The error states look more convincing at last. Might be passed kernel misbehaviour.

SynMark2 Batch6 hang after Unigine Heaven hang happens sometimes also on GLK, it's not BXT specific. Because there's no hang with other Batch* tests (ones with smaller or larger draw batch sizes), I'm pretty sure the trigger is timing related.

GpuTest Piano hang I haven't seen on BXT, but Piano is a really slow test and GLK iGPU is slower (12EUs) than BXT (18EUs), so it's possible that hangcheck triggers naturally on GLK => let's ignore Piano hang.

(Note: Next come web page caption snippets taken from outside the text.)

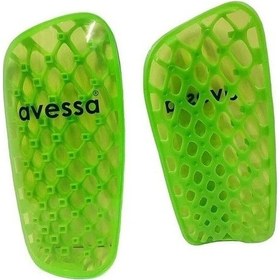 Resim Avessa Tkm-200 Futbolcı Tekmeliği Yeşil Yeşil 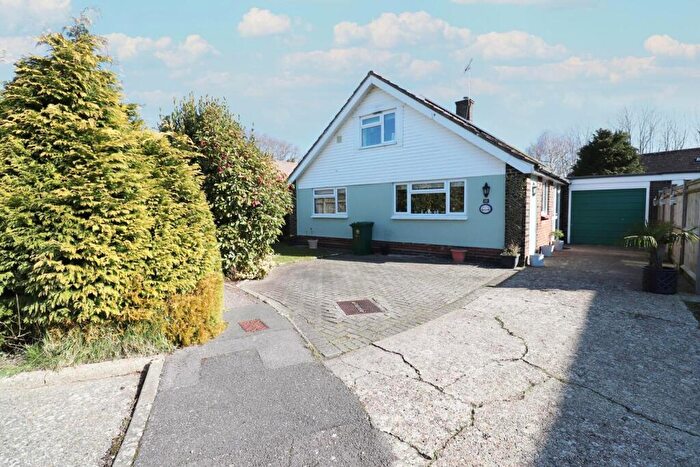 2 Bedroom Detached House For Sale In Maybush Drive, Chidham, Chichester, PO18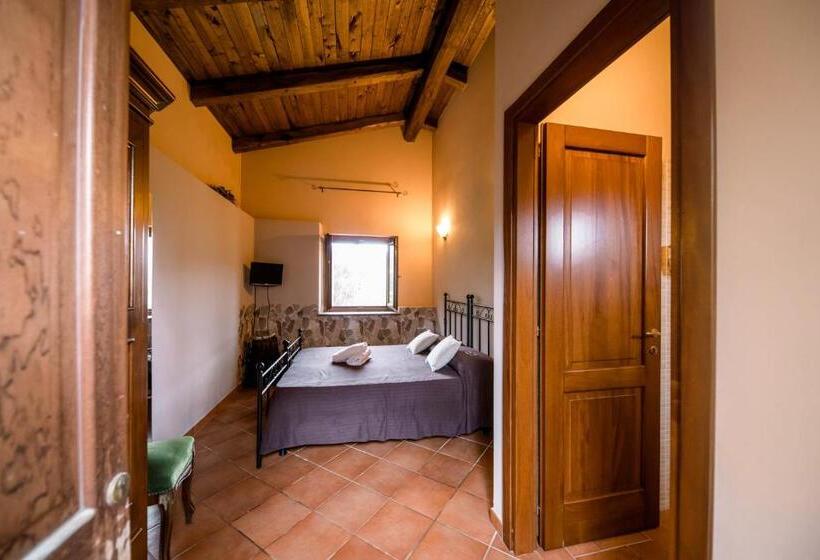 Номер Стандарт, Agriturismo La Sena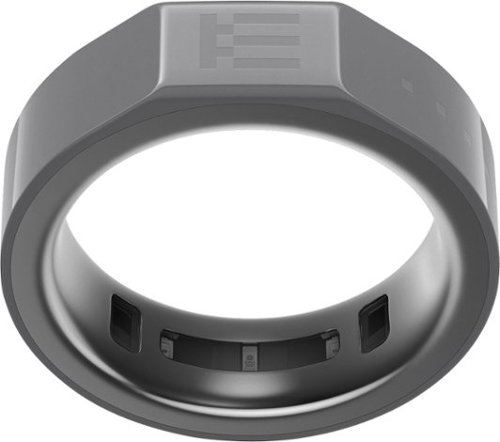 Even Realities - Even R1 Smart Ring - Gray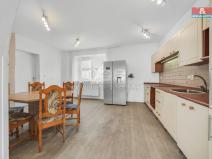 Prodej rodinného domu, Bakov nad Jizerou, Žižkova, 180 m2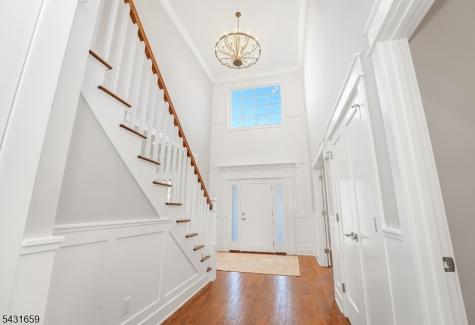 1 Lourdes Court Andover NJ 07860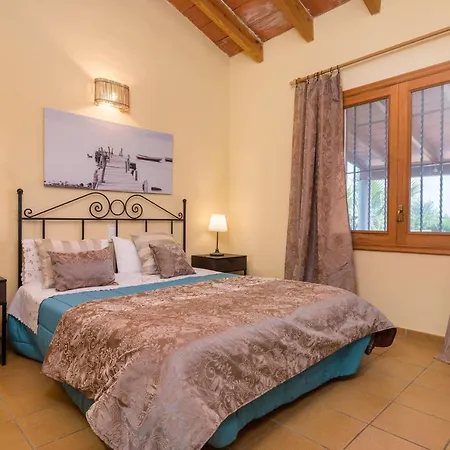 Gallu - Adults Only. Villa *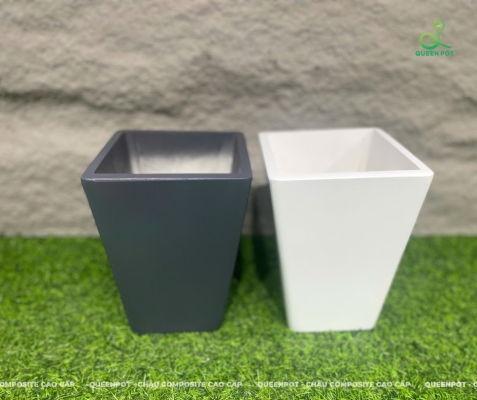 Chất liệu cao cấp, bền bỉ theo thời gian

If you need at any point new error states from latest drm-tip, just ask. I get several new error state files every night. :-)

So chief suspect is that this is just a super slow batch and being caught by the 640ms preemption timeout.

To confirm that I think we want to pull in some of Tvrtko's infrastructure to track context runtime; from which we can spit out how long this context has been active at the time of reset and with some handwaving approximate that to batch duration.

added platform: BXT platform: GLK labels

So chief suspect is that this is just a super slow batch and being caught by the 640ms preemption timeout.

I haven't seen such issue in Heaven earlier, and in Batch6 case it would definitely need some big other kernel bug (if one of the equal sized batch6 draw calls is too slow, all the earlier batch tests, starting from batch0, should also have triggered it), e.g. with power management (Batch4, Batch5 and Batch6 are where halved mesh size / doubled draw count causes Batch tests to change from being more GPU bound to being more CPU bound).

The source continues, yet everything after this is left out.